With the pictures left out, return exactly the lines from the one containing "at Annie's in Rhodes" through the end of the listing below.
▬▬▬▬▬▬▬▬▬▬
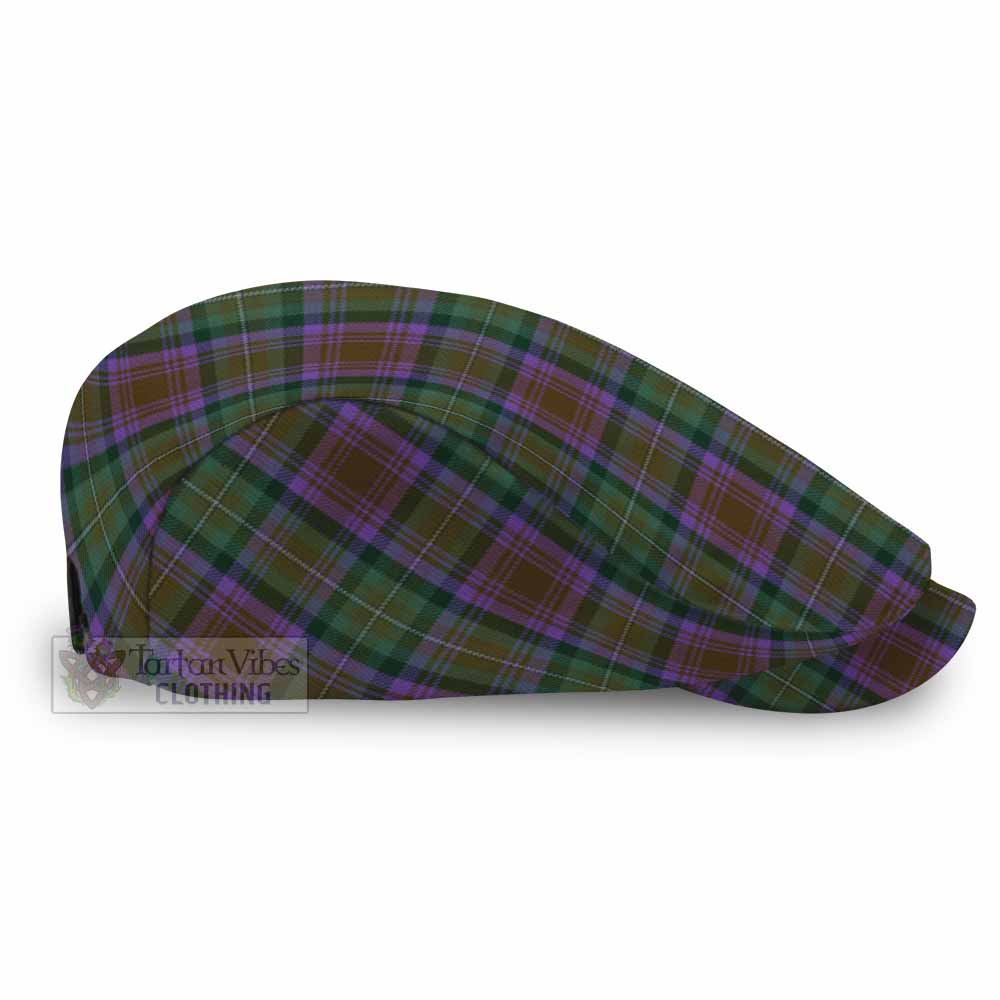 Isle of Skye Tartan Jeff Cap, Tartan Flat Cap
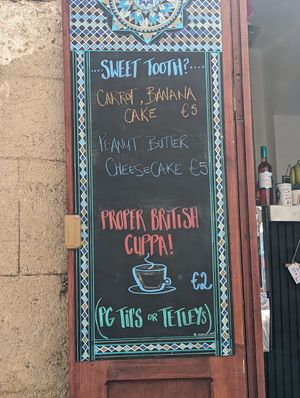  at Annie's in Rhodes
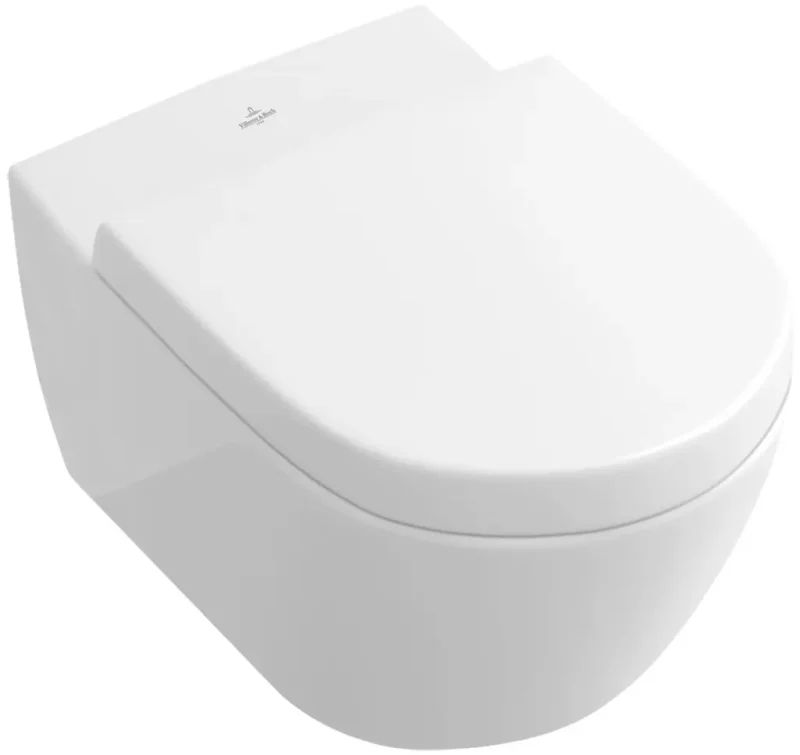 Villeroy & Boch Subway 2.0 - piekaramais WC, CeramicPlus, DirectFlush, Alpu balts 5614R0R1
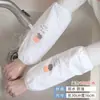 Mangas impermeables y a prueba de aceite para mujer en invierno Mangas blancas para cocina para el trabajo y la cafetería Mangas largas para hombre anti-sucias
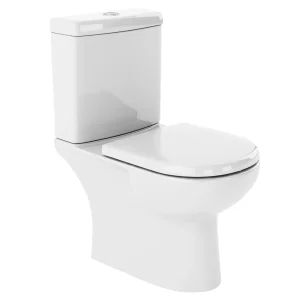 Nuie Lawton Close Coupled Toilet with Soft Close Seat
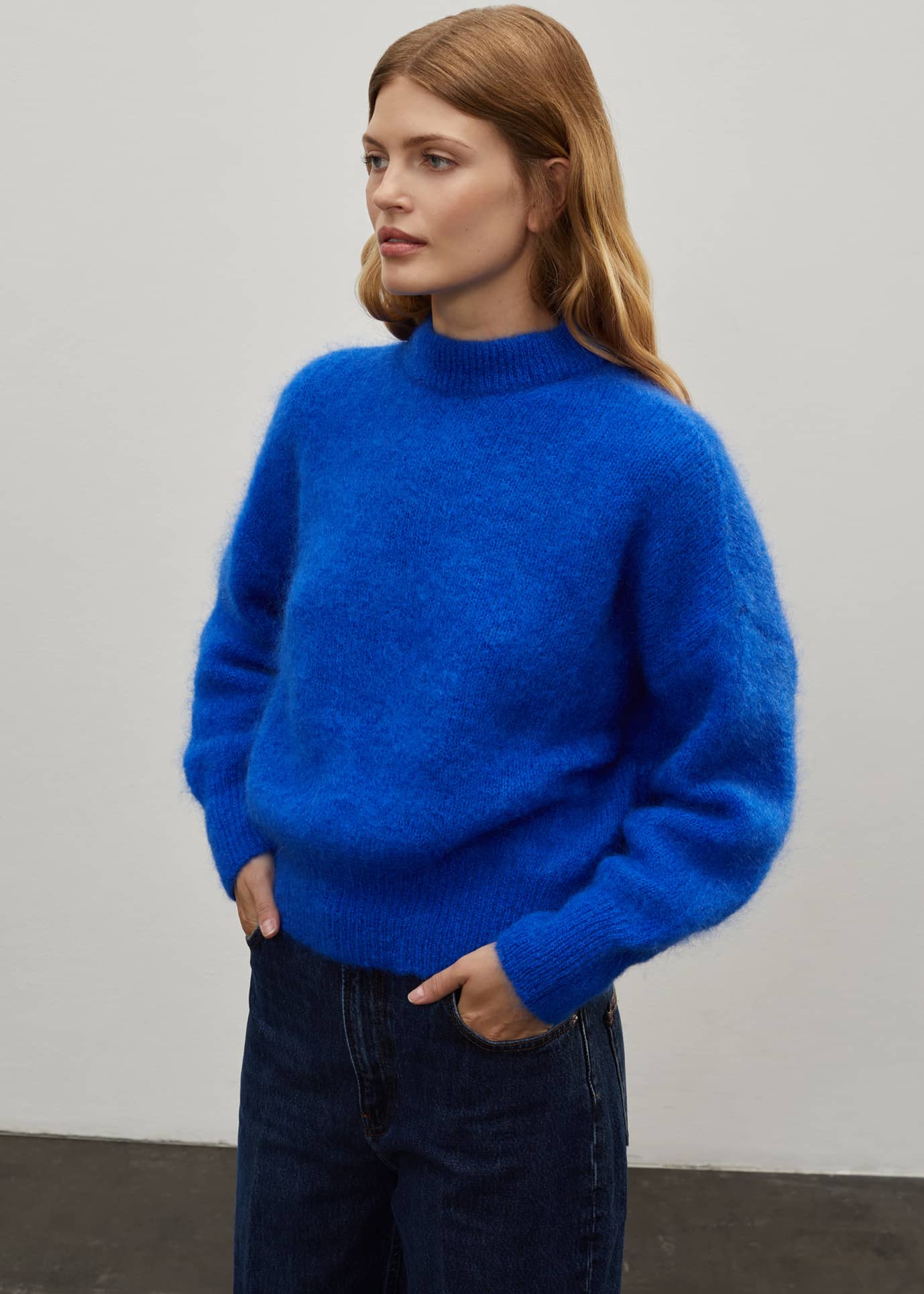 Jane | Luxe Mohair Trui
▬▬▬▬▬▬▬▬▬▬
- Problem solution -
  at Annie's in Rhodes
 Villeroy & Boch Subway 2.0 - piekaramais WC, CeramicPlus, DirectFlush, Alpu balts 5614R0R1
 Mangas impermeables y a prueba de aceite para mujer en invierno Mangas blancas para cocina para el trabajo y la cafetería Mangas largas para hombre anti-sucias
 Nuie Lawton Close Coupled Toilet with Soft Close Seat
 Jane | Luxe Mohair Trui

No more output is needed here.